---------- Dataset

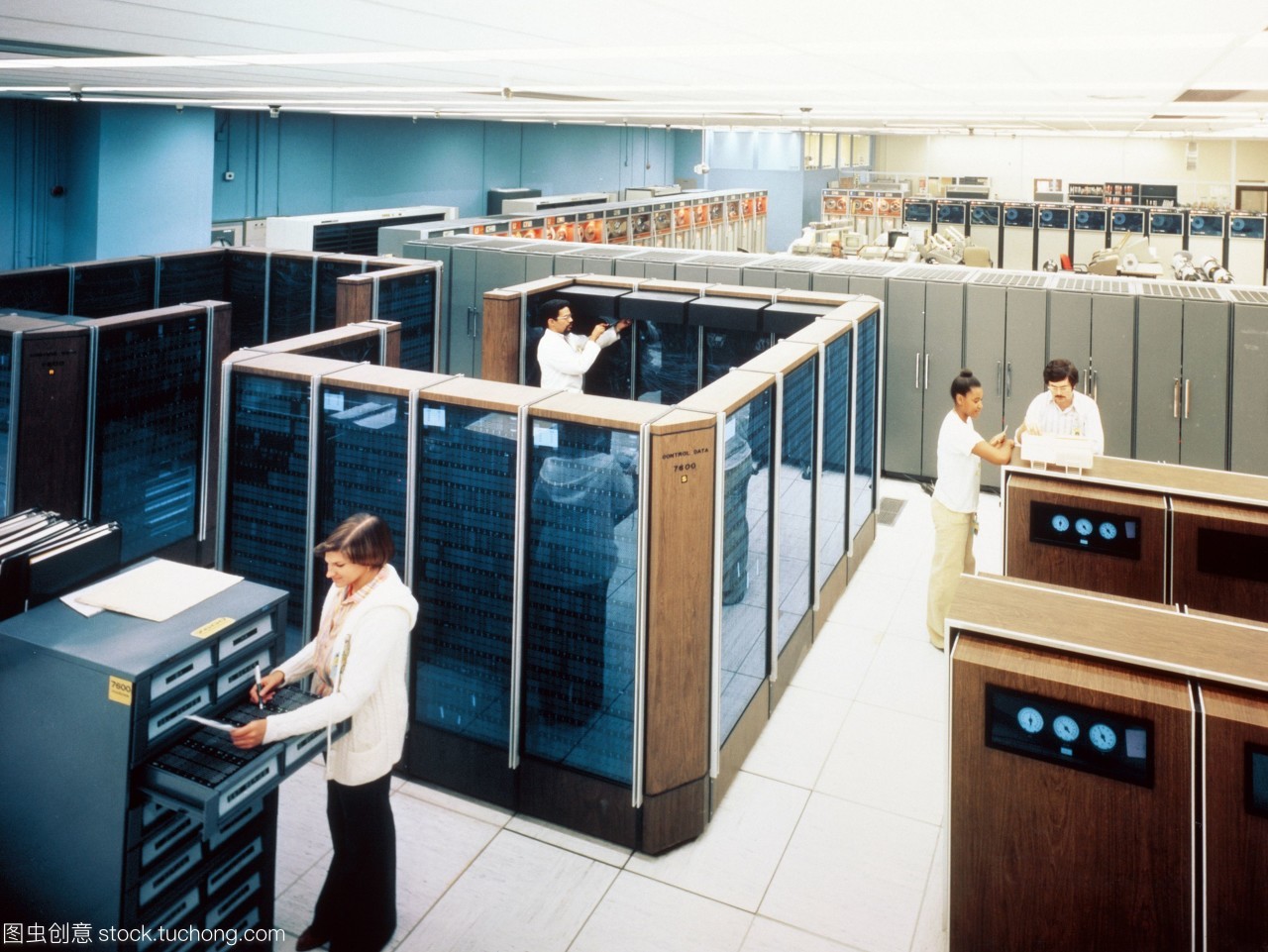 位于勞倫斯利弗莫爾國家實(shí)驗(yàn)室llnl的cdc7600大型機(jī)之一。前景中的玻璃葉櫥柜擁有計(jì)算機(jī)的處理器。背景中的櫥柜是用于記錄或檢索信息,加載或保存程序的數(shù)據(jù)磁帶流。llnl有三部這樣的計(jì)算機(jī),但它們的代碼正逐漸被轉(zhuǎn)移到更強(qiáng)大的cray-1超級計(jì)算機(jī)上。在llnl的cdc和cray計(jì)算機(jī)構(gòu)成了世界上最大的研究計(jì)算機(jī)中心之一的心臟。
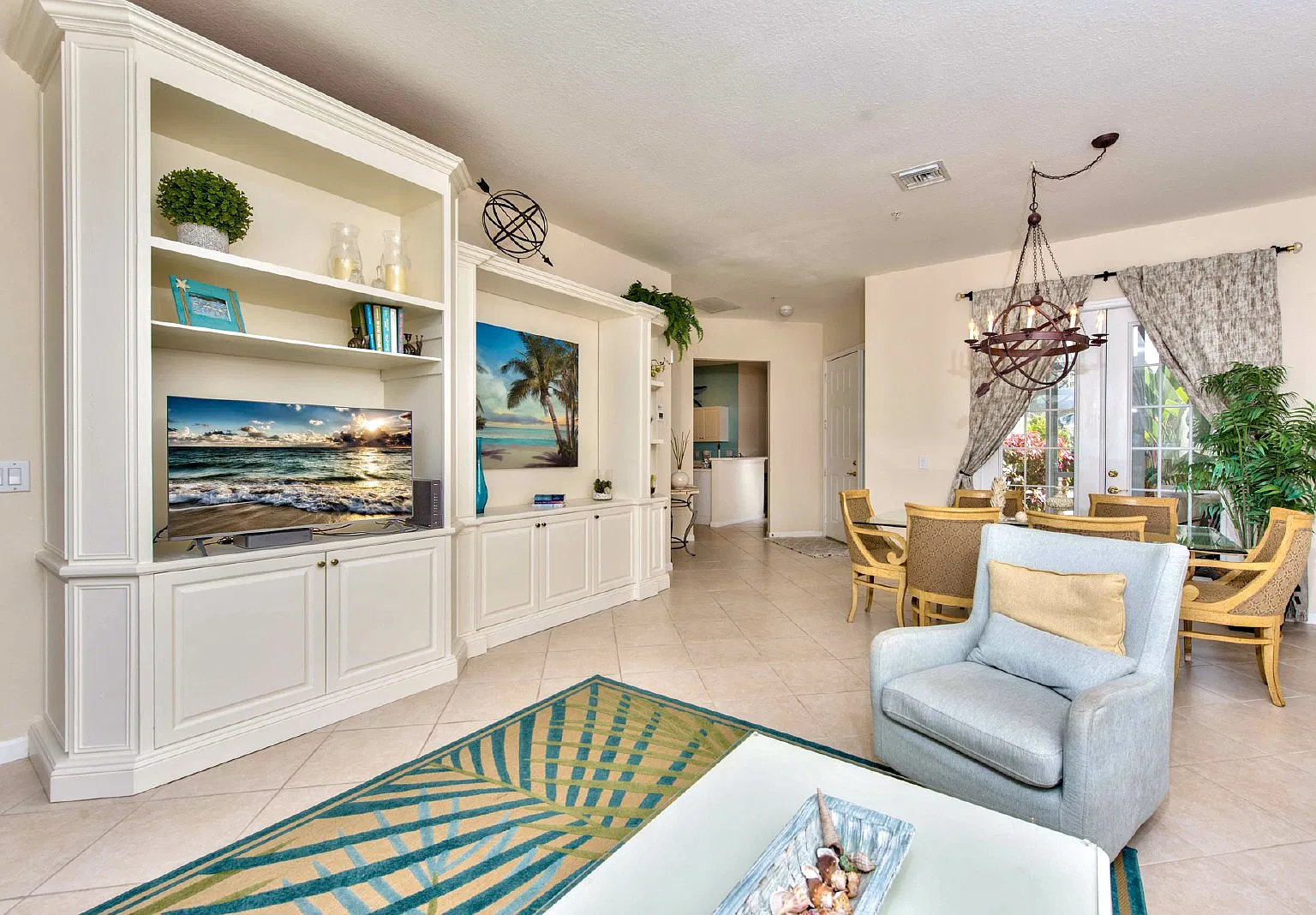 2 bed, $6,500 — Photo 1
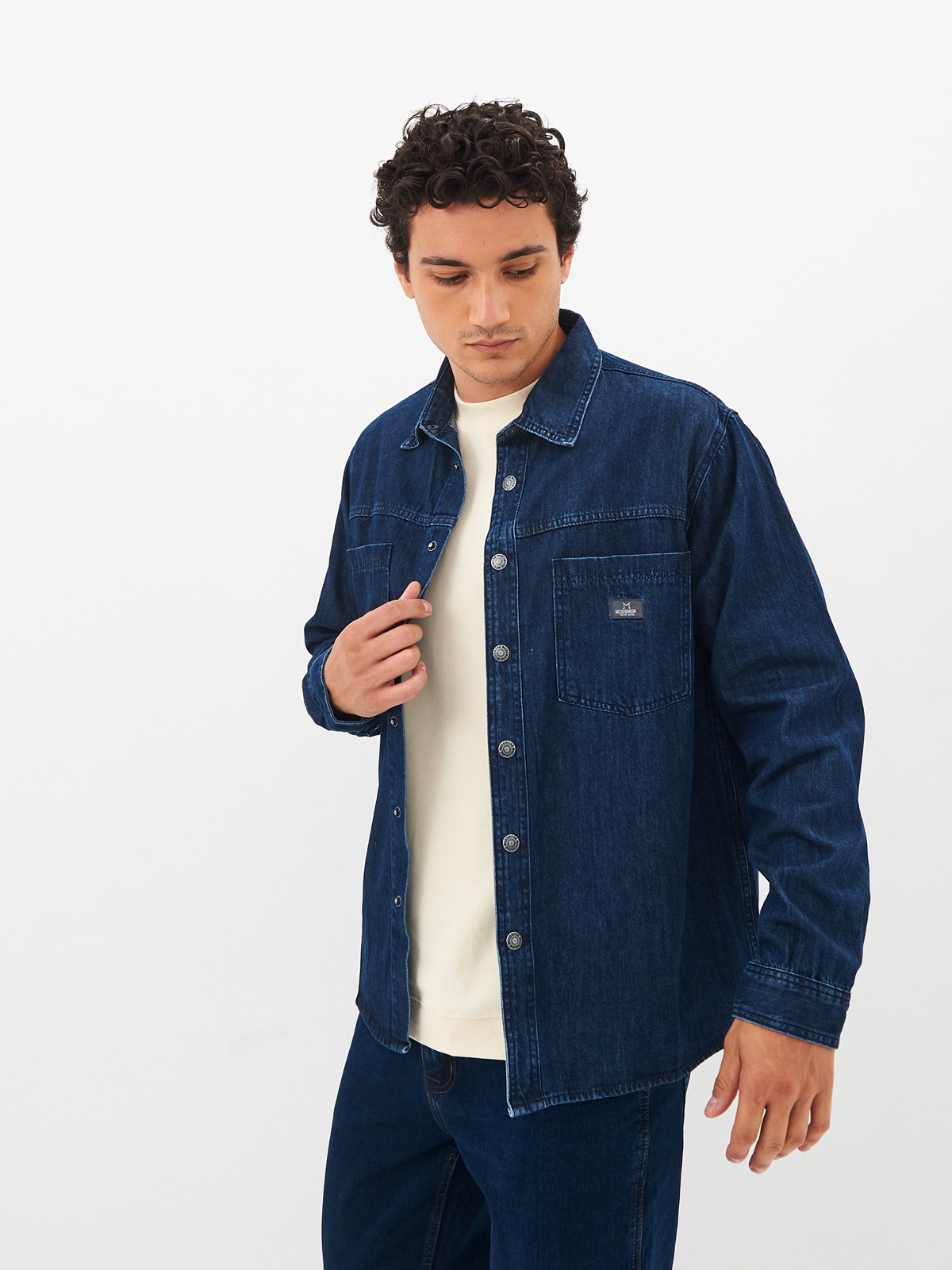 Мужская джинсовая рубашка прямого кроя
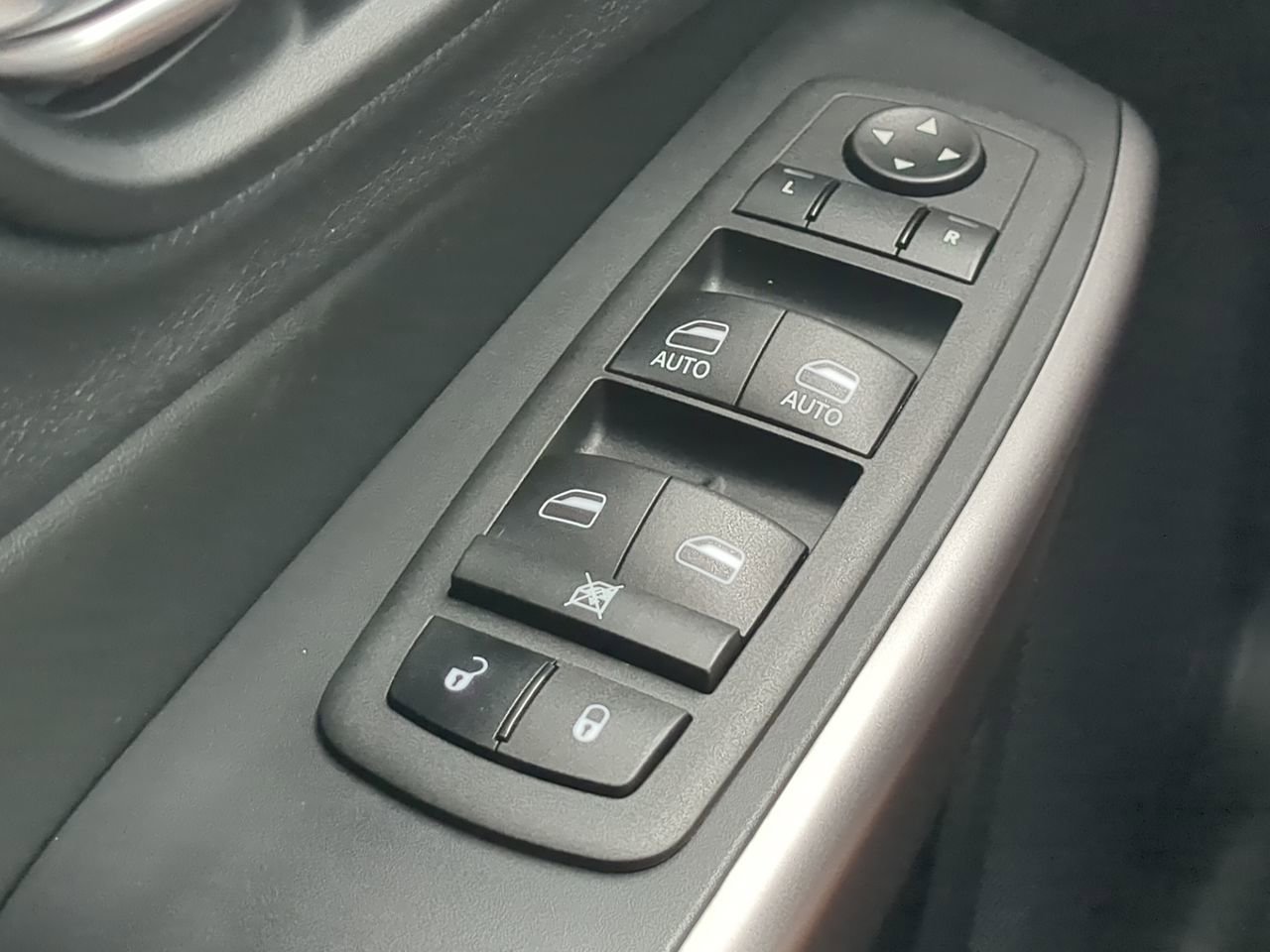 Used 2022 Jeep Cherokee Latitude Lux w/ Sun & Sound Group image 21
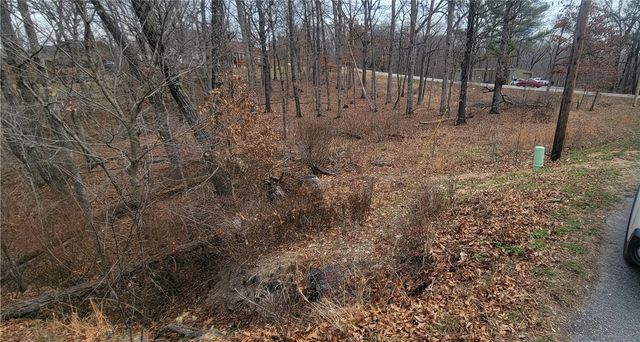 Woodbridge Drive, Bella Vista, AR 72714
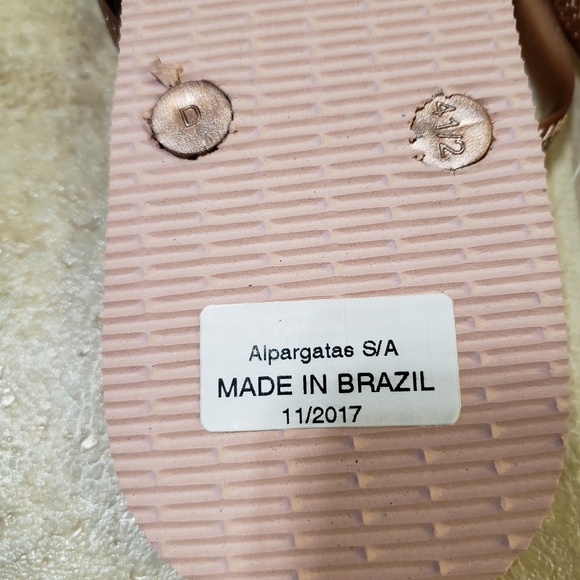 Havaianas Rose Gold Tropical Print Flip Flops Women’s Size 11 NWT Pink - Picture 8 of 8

--------------------

What is being asked ::
Find the line with "Woodbridge Drive, Bella Vista, AR 72714" in the listing and extract it and all lines after it through the end, exactly, without the pictures.

Task output ::
 Woodbridge Drive, Bella Vista, AR 72714
 Havaianas Rose Gold Tropical Print Flip Flops Women’s Size 11 NWT Pink - Picture 8 of 8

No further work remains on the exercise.